Annulation d'une taxe sur le carburant, gel des tarifs de l'électricité et du gaz, hausse de 100 par mois pour les salariés payés au salaire minimum, annulation d'une hausse d'impôt sur les retraites... la liste des concessions arrachées au président Macron est longue mais ne satisfait pas le plus grand nombre. Après quatre samedis de manifestations à Paris et en régions, dont trois émaillés de spectaculaires violences et dégradations, «ça s'apaise, mais ce qui reste de tout ça, c'est une détestation très forte d'Emmanuel Macron», estime Hervé le Bras, de l'Ecole des hautes études en sciences sociales (EHESS).»Le mouvement faiblit, la cote de l'exécutif aussi», écrivait hier le Journal du Dimanche. L'hebdomadaire français publiait un sondage sur la popularité du président Macron, dont la cote est tombée à 23% de «satisfaits» (-2 points) et 4% de «très satisfaits» (stable), contre 76% de «mécontents» (+3 points). Emmanuel Macron, dépeint en Jupiter en début de mandat, «sera désormais obligé d'avoir une attitude plus attentive avec les corps intermédiaires, les syndicats ou les maires, et même directement au contact avec les Français», souligne Harris Interactiv. Après la taxe carbone, les revendications des «Gilets jaunes» se sont rapidement élargies à la question globale du pouvoir d'achat avant de déborder sur d'autres thèmes. Samedi, les manifestants étaient nombreux à réclamer l'organisation d'un «RIC», un référendum d'initiative citoyenne, comme il se fait en Italie ou en Suisse.
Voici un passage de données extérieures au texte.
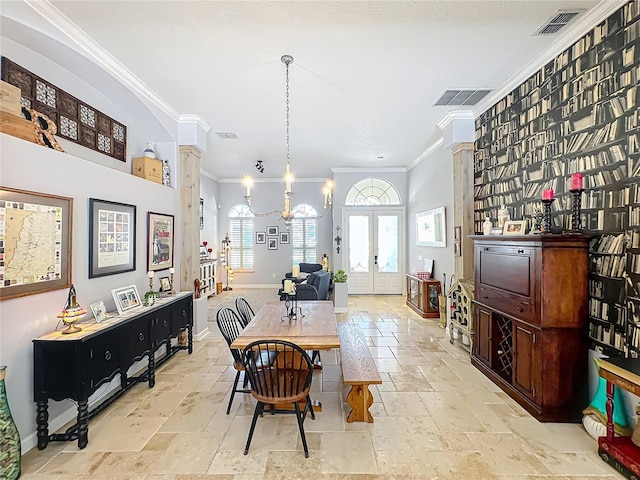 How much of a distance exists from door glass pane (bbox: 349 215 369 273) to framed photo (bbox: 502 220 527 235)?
511 centimetres

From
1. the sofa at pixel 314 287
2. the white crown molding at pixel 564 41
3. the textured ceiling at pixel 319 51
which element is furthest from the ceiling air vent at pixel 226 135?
the white crown molding at pixel 564 41

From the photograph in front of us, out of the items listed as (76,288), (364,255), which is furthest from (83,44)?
(364,255)

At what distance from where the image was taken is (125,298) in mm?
3301

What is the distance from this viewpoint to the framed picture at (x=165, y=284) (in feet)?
13.7

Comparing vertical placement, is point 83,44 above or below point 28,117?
above

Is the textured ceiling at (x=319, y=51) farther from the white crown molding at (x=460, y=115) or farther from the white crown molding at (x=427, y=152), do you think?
the white crown molding at (x=427, y=152)

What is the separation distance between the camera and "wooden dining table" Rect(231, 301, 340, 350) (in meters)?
2.65

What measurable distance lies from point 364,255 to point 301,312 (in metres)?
5.21

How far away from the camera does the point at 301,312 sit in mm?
3625

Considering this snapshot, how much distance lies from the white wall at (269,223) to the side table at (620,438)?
26.2 ft

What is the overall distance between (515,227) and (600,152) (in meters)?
1.04

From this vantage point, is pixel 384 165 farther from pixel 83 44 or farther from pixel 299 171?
pixel 83 44

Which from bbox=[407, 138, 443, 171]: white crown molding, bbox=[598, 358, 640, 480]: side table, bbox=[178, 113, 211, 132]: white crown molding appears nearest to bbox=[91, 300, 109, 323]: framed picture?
bbox=[178, 113, 211, 132]: white crown molding

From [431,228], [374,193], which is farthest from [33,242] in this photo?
[374,193] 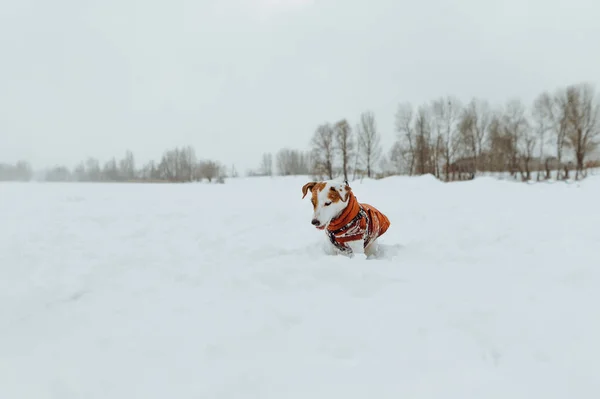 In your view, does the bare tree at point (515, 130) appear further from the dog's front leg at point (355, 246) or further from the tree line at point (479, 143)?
the dog's front leg at point (355, 246)

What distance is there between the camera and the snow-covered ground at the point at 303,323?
1.48 m

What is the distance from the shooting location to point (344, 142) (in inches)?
1421

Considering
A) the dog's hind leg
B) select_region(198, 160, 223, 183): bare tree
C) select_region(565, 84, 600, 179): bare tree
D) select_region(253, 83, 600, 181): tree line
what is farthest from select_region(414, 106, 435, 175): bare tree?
select_region(198, 160, 223, 183): bare tree

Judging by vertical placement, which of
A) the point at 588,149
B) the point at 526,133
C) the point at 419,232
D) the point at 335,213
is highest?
the point at 526,133

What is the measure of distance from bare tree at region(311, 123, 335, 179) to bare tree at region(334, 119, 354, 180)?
770mm

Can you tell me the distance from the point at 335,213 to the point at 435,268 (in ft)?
4.28

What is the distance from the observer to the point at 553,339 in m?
1.73

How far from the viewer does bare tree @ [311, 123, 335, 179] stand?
3616cm

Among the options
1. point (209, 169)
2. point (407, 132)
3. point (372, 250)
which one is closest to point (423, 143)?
point (407, 132)

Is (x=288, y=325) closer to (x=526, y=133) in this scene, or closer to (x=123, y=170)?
(x=526, y=133)

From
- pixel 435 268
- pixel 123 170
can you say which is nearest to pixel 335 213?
pixel 435 268

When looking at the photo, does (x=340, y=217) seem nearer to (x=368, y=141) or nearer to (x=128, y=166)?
(x=368, y=141)

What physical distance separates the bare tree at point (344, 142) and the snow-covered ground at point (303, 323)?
3272cm

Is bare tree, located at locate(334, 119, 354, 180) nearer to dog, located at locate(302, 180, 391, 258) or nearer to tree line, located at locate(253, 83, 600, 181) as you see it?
tree line, located at locate(253, 83, 600, 181)
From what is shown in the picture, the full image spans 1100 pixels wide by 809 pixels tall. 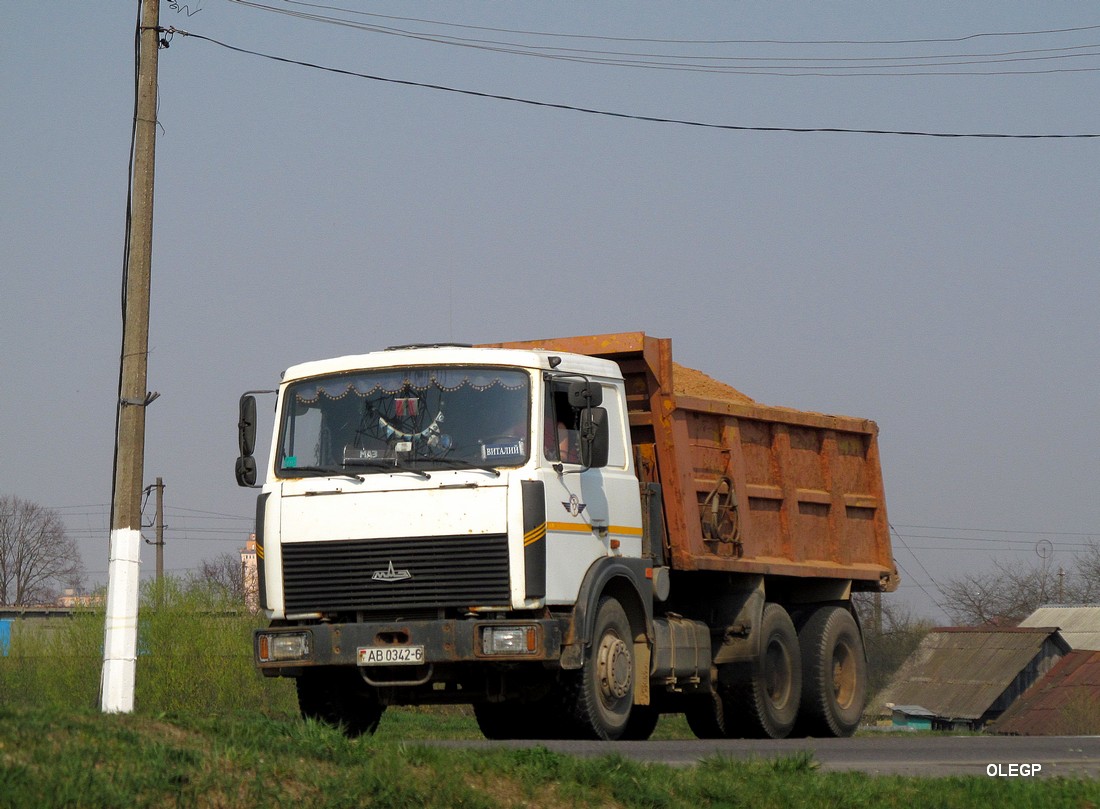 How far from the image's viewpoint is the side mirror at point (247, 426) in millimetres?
11203

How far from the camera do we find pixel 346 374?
1102cm

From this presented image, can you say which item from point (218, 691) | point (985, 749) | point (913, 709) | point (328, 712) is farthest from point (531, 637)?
point (913, 709)

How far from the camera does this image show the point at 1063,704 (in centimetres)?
3853

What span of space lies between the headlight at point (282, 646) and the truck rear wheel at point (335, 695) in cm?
44

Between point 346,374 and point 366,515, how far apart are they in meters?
1.19

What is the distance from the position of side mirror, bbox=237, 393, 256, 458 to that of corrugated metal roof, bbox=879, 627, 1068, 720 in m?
39.9

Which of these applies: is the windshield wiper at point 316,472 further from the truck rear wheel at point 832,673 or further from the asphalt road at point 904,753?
the truck rear wheel at point 832,673

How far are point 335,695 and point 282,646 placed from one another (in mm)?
954

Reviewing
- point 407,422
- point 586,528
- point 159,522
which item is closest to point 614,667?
point 586,528

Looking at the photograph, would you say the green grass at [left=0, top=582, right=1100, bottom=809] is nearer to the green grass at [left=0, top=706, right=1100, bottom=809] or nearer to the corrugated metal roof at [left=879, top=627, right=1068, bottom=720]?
the green grass at [left=0, top=706, right=1100, bottom=809]

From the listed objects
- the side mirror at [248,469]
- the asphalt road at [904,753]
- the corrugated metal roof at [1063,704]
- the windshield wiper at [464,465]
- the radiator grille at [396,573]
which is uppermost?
the side mirror at [248,469]

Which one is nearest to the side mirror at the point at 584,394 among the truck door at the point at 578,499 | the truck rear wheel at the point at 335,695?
the truck door at the point at 578,499

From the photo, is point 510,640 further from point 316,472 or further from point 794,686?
point 794,686

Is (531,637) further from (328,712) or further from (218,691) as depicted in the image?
(218,691) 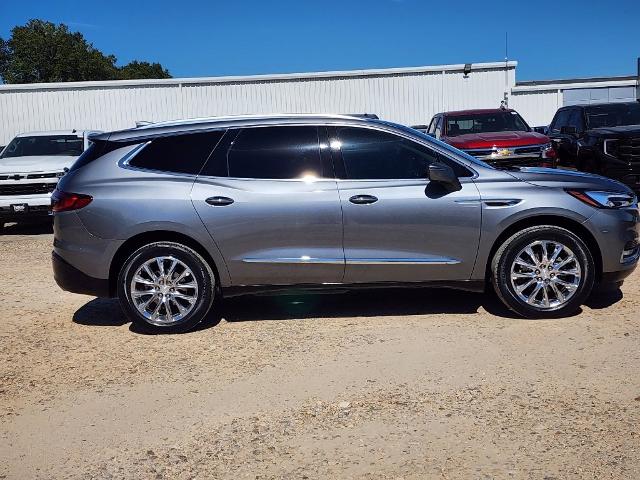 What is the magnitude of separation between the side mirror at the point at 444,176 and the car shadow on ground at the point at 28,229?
9.36 metres

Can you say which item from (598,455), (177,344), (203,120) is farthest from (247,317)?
(598,455)

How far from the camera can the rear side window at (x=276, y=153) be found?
5.81 metres

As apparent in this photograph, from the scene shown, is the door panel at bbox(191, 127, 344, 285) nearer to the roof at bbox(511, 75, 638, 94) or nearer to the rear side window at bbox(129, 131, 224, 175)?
the rear side window at bbox(129, 131, 224, 175)

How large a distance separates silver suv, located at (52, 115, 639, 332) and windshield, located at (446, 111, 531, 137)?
25.4 feet

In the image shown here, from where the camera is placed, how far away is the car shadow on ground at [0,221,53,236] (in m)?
13.1

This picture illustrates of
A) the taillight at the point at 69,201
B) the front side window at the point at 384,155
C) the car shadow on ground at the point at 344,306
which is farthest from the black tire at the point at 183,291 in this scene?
the front side window at the point at 384,155

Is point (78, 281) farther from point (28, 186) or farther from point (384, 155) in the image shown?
point (28, 186)

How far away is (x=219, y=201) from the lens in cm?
570

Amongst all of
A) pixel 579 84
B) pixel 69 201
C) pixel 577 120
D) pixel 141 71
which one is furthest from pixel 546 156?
pixel 141 71

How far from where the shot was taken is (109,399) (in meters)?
4.45

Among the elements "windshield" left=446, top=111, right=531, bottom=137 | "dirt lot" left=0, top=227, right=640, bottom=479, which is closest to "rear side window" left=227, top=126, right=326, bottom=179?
"dirt lot" left=0, top=227, right=640, bottom=479

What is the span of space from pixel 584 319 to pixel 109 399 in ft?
12.4

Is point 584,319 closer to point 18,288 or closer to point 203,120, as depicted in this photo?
point 203,120

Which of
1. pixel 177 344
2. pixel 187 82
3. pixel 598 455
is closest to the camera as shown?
pixel 598 455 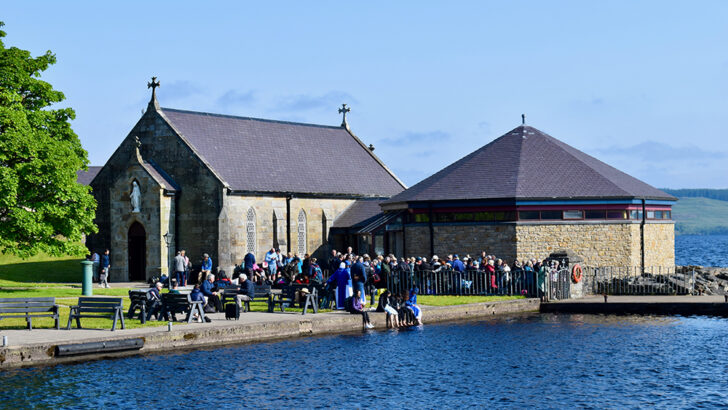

Les revendications diverses et parfois contradictoires d'un mouvement aussi peu structuré que celui des «Gilets jaunes» rendent très difficile toute prédiction quant à son avenir et ses éventuels débouchés politiques. L'essoufflement du mouvement est également vécu comme un soulagement pour l'économie française et notamment pour les petits commerces, qui, à l'approche des fêtes, ont fortement souffert de la mobilisation. Le président de la Confédération des commerçants de France a estimé samedi que le mouvement représentait «une véritable catastrophe» pour eux, avec une baisse du chiffre d'affaires comprise entre «40% et 70%».